Please write out every entry below exactly, leaving out any pictures.
[Source data Boundary: Start]
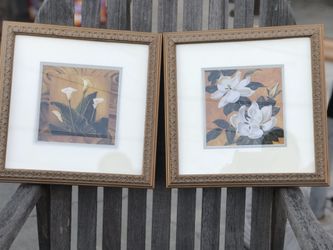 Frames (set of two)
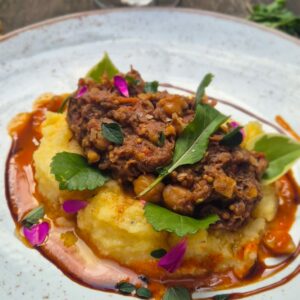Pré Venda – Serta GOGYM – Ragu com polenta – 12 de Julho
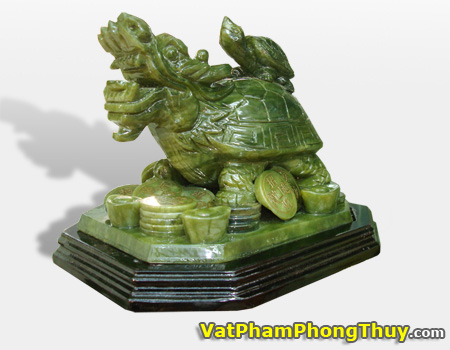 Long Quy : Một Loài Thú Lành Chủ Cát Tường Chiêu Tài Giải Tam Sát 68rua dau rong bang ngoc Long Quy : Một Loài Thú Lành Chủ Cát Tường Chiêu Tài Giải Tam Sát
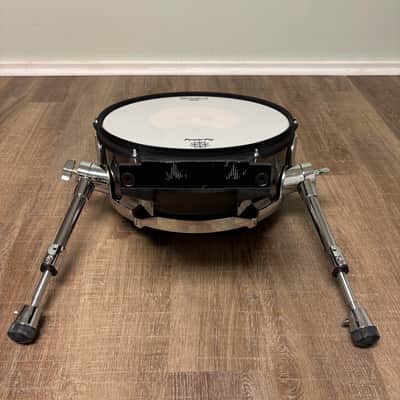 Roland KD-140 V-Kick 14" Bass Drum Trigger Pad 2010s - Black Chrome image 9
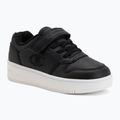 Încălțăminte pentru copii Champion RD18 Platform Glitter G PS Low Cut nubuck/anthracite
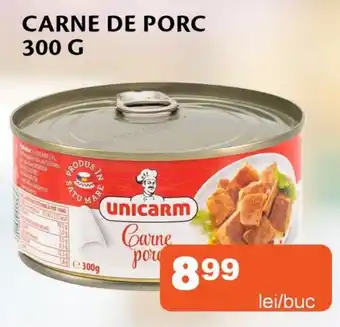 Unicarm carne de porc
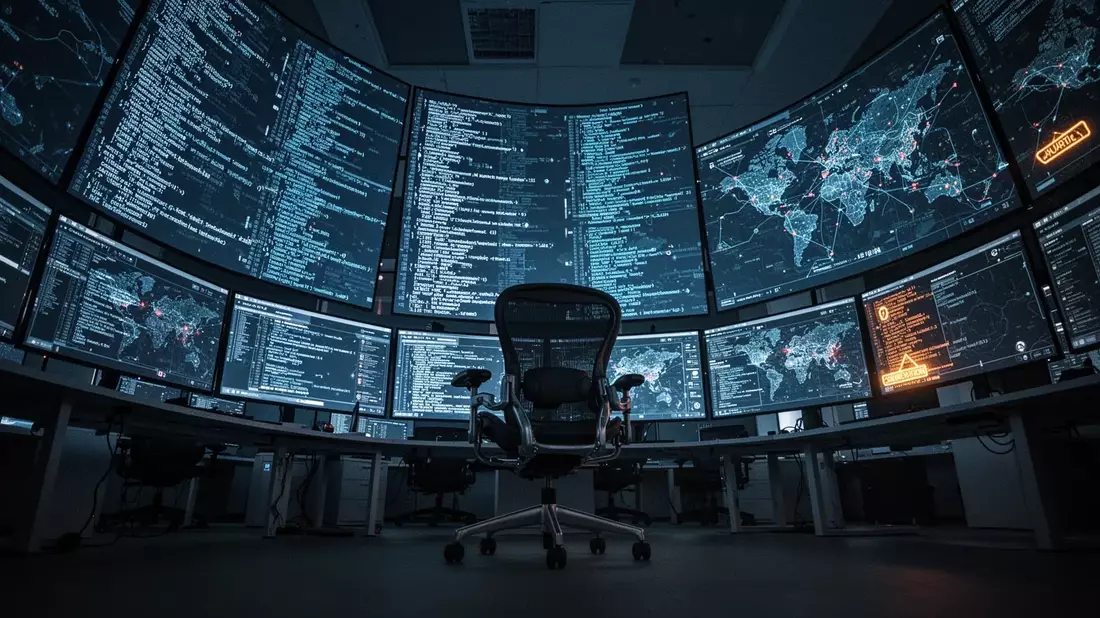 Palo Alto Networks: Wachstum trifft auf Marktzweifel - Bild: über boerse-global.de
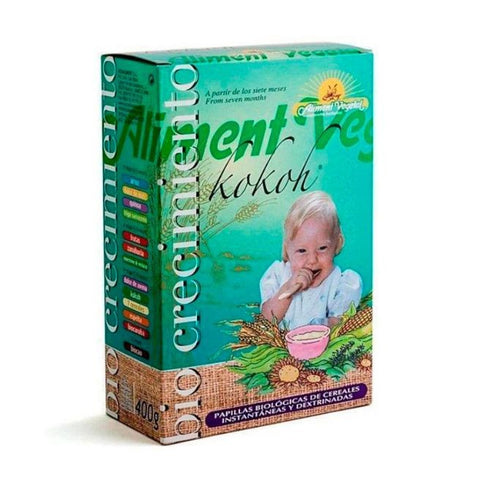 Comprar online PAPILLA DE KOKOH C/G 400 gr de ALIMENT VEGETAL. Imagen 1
[Source data Boundary: End]
Response to this exercise
 Frames (set of two)
Pré Venda – Serta GOGYM – Ragu com polenta – 12 de Julho
 Long Quy : Một Loài Thú Lành Chủ Cát Tường Chiêu Tài Giải Tam Sát 68rua dau rong bang ngoc Long Quy : Một Loài Thú Lành Chủ Cát Tường Chiêu Tài Giải Tam Sát
 Roland KD-140 V-Kick 14" Bass Drum Trigger Pad 2010s - Black Chrome image 9
 Încălțăminte pentru copii Champion RD18 Platform Glitter G PS Low Cut nubuck/anthracite
 Unicarm carne de porc
 Palo Alto Networks: Wachstum trifft auf Marktzweifel - Bild: über boerse-global.de
 Comprar online PAPILLA DE KOKOH C/G 400 gr de ALIMENT VEGETAL. Imagen 1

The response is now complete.